Ladies. My ex fiancé is opening up. She says she wants to spend time together Sunday and is being nice. She's clear that I need to go slow. I know the big stuff like don't ask her to put back on the ring or move in together again. 

But what about the daily stuff? How often should I ask to see her? Talk on phone? Sex? Etc.... 

I want to here from the ladies what you would want.


----------



## Fitnessfan (Nov 18, 2014)

loverguy said:


> Ladies. My ex fiancé is opening up. She says she wants to spend time together Sunday and is being nice. She's clear that I need to go slow. I know the big stuff like don't ask her to put back on the ring or move in together again.
> 
> But what about the daily stuff? How often should I ask to see her? Talk on phone? Sex? Etc....
> 
> I want to here from the ladies what you would want.


Instead of taking it slow, why revisit this relationship at all? Two weeks ago she admitted to you she still loved her ex and always has. It's time to believe that. She said she will be with you now if you support her. Is that what you want out of a relationship? Someone who is with you when you financially support her but runs to her ex when you can't. I'd like to know what redeeming qualities this woman has. You say you love her but what is it about her that you love because I haven't heard much other than she wants you to support her but still loves her ex.


----------



## Personal (Jan 16, 2014)

Why are you barking up the wrong tree?

Knowing what other women like or want has no bearing on any woman you are in a relationship with. You either know the woman you are with or you don't, if you don't know find out from her since what others like is irrelevant to what she likes.

Having said that what is wrong with you? Any sensible person wouldn't come back for more with an ex-fiancé, the fact she is an ex should tell you all you need to know.

Wake up!


----------



## notmyrealname4 (Apr 9, 2014)

I think that you should tell her to start paying her own bills.


----------



## becareful2 (Jul 8, 2016)

Please don't do this. She has said point blank that she doesn't want you! 

You said that you will not be her second choice but by allowing her back into your life, that's exactly what you'll be: her Plan B. She went off and had honeymoon sex with her ex husband and now she's bringing you sloppy seconds and she expects you to beg for it like a good little puppy. 

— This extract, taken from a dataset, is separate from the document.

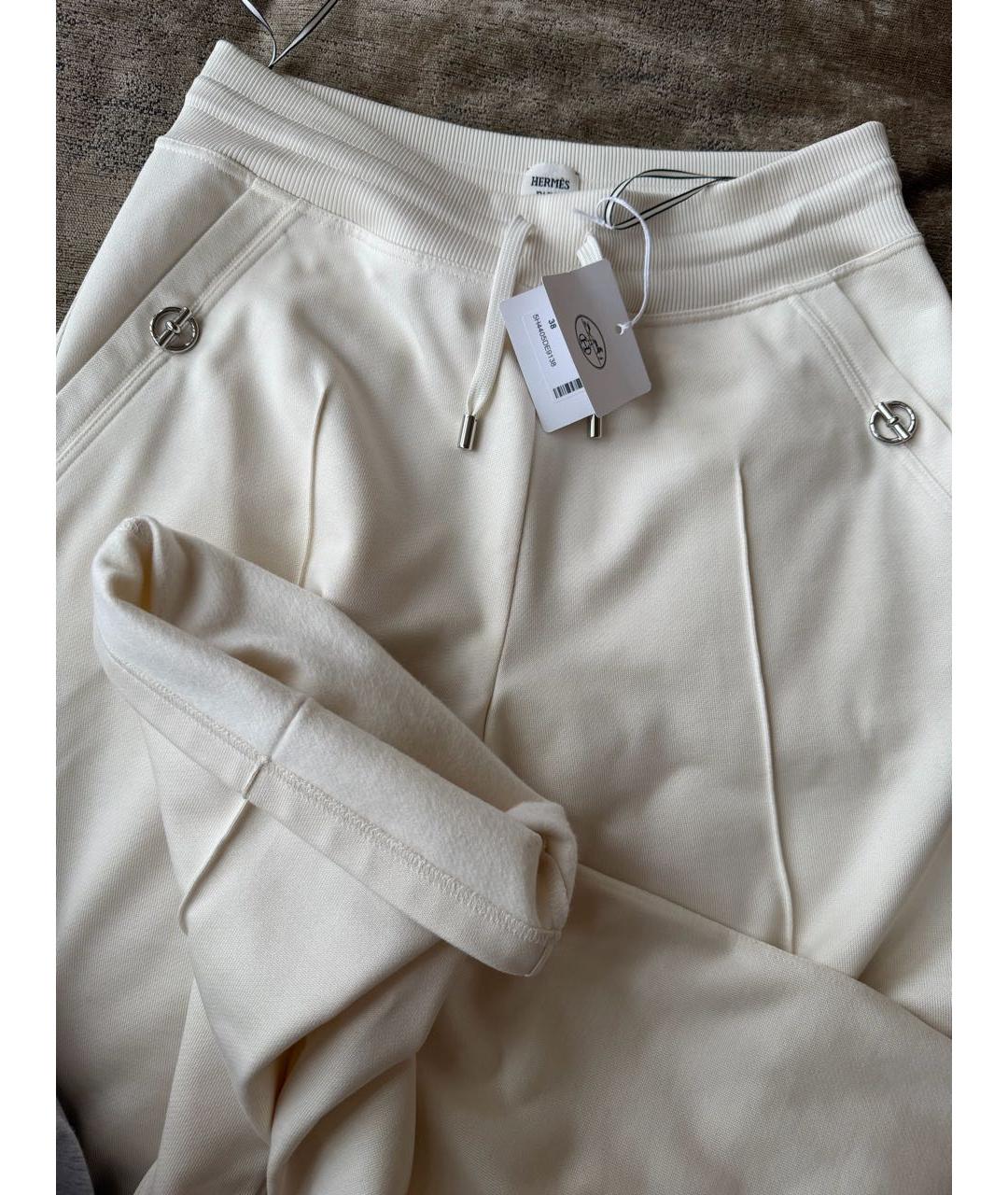 HERMES Бежевые хлопковые прямые брюки, фото 7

Have all the women in the world disappeared that you feel you have to resurrect a relationship with an unfaithful ex? She's an unremorseful and unrepentant cheater. Have some self-respect and go find another woman who has character and will not abandon you.

Edit: You need to work on yourself, because right now, you are not a safe partner for her given what you did. Stop being so needy and codependent; it's very unattractive to women.


----------